Quejarse parece inofensivo, incluso necesario, un desahogo pasajero. Pero ¿nos hemos detenido a observar el impacto que tiene? Como una vela encendida en una habitación sin ventanas, consume el oxígeno que podría alimentar la claridad y la calma. La queja nos perjudica primero a nosotros mismos, ya que nos ata a una percepción de carencia constante. Es el eco de un pensamiento que dice: “Esto no es suficiente” o “Esto debería ser diferente”. Y en ese juicio, nos desconectamos de lo que es, del presente tal como se manifiesta.


Desde el budismo, aprendemos que el sufrimiento surge del apego y la aversión: querer que algo sea diferente a lo que es. La queja se alimenta de ambos, y en su juego insidioso nos deja atrapados en un bucle. En vez de aceptar y actuar, nos quedamos rumiando, alimentando la frustración que decimos querer evitar.


El estoicismo, con su mirada pragmática, también nos advierte: nos corresponde distinguir entre lo que podemos controlar y lo que no. La queja, casi siempre, recae en esta última categoría. Nos quejamos del clima, del tráfico, de la actitud de los demás… y, al hacerlo, entregamos nuestro poder a lo externo. Nos volvemos esclavos de lo que ocurre fuera, en lugar de dueños de nuestras propias respuestas y decisiones.
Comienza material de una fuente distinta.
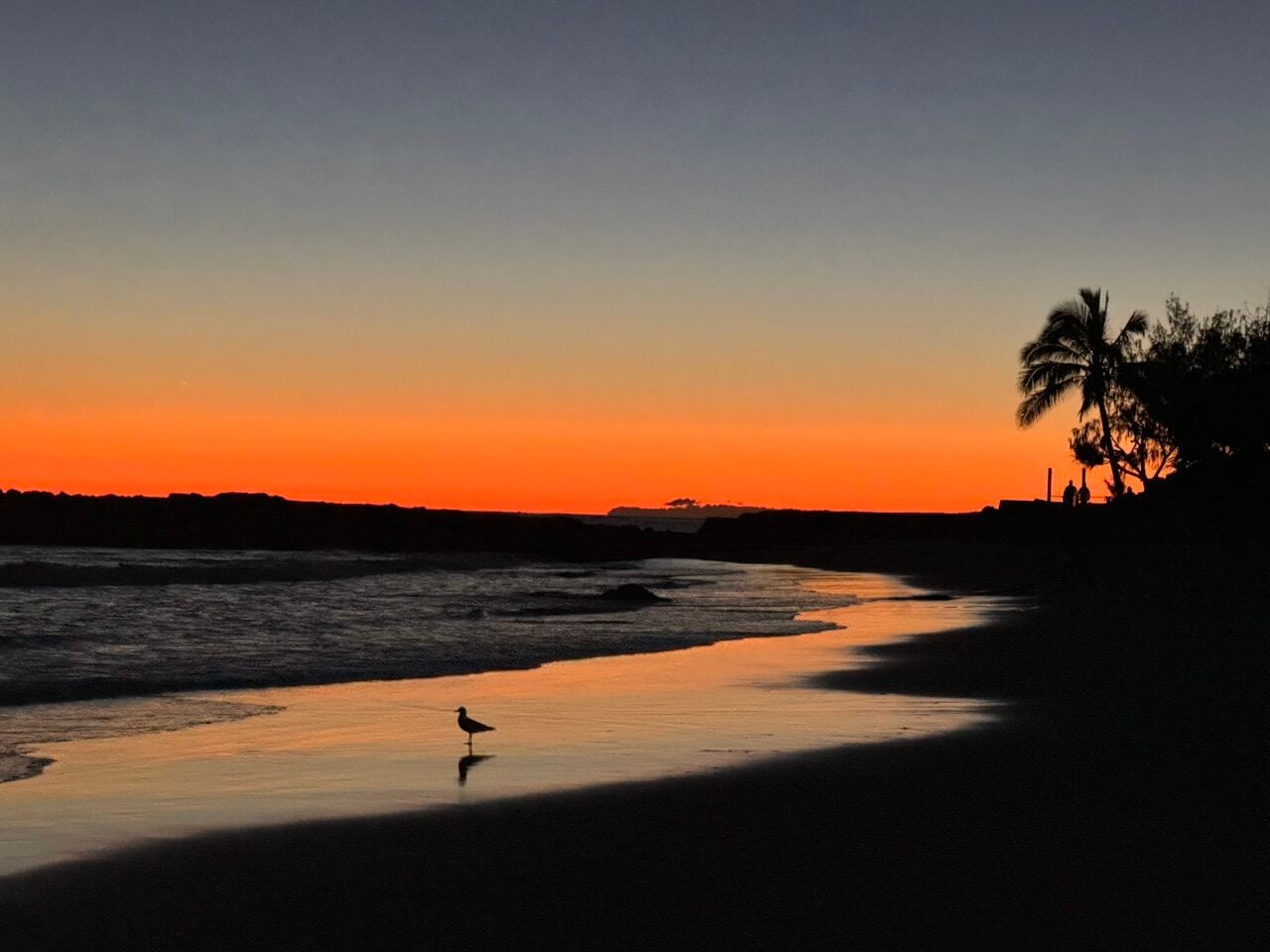 golden sunrise with lone seagull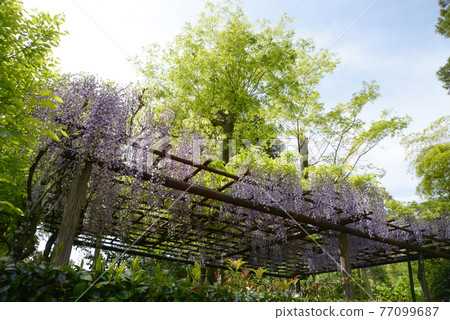 Wisteria trellis 77099687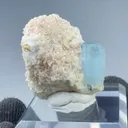 specimen video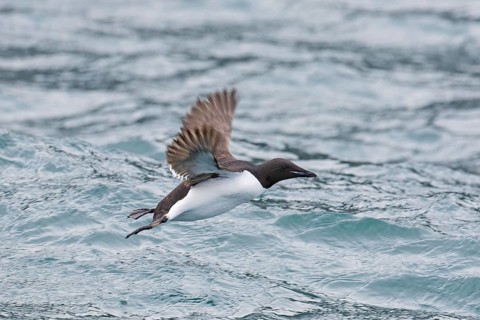 Thick-billed murre (Uria lomvia), Brünnich's guillemot in flight above sea water, native to the
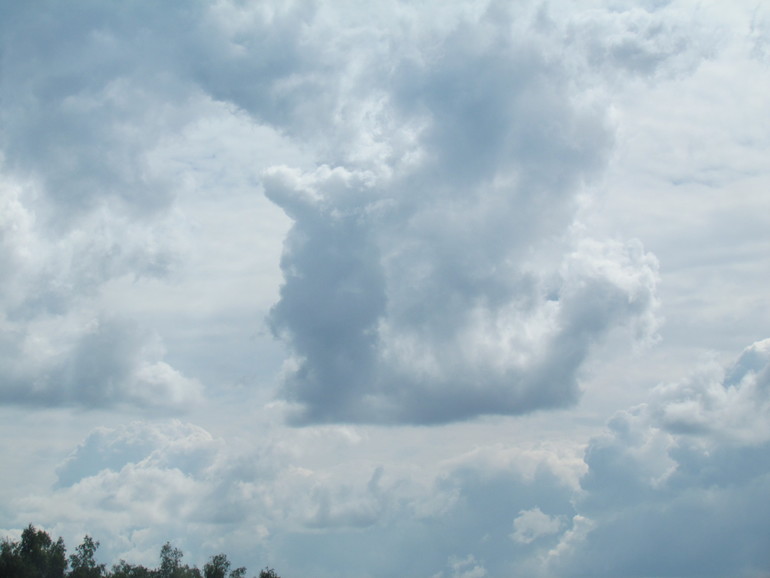 10b57fd9ee1aeea9bc8d0e584f19856b.jpg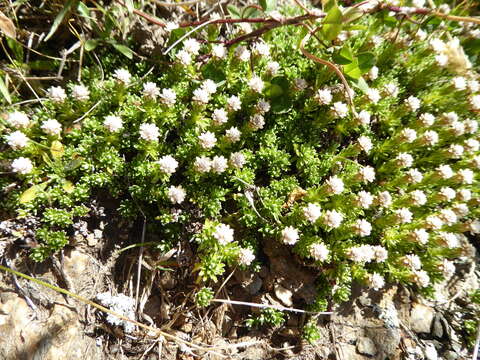 Image of Raoulia subsericea Hook. fil.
Pero no es solo a nosotros a quienes daña la queja. Es también un veneno que se esparce. Cada palabra que pronunciamos tiene un peso, y las quejas cargan con una energía pesada, una vibración que afecta a quienes nos rodean. Al quejarnos, invitamos a otros a mirar el mundo a través del mismo filtro negativo, a enfocarse en lo que falta en lugar de lo que abunda.


¿Qué podemos -y diría más, que estamos obligados- hacer? La respuesta no está en reprimir, sino en cultivar la atención. Darnos cuenta, como quien observa el primer humo de un incendio, de ese impulso inicial hacia la queja. En ese momento, detenernos. Preguntarnos: “¿Esto ayuda? ¿Esto es necesario? ¿Esto construye algo?”. Y si la respuesta es no, elegir el silencio o, mejor aún, la gratitud.


Transformar la queja no es fácil. Requiere un trabajo constante, como quien doma un caballo salvaje. Pero en ese esfuerzo hay una liberación inmensa.


Cada vez que elegimos no quejarnos, nos recordamos que somos más grandes que nuestras circunstancias. Elegimos construir en lugar de destruir, sembrar esperanza en lugar de desaliento.

Así que hoy, mientras caminas por las calles ruidosas de este mundo, presta atención. Cuando sientas la queja subir por tu garganta, detente un instante. Respira. Y recuerda que, en el fondo, tienes todo lo necesario para ser libre. No permitas que el veneno invisible de la queja robe tu paz ni la de quienes te rodean.


Porque el silencio, cuando está lleno de conciencia, tiene una música que eleva. Y esas notas son un regalo para ti y para el mundo.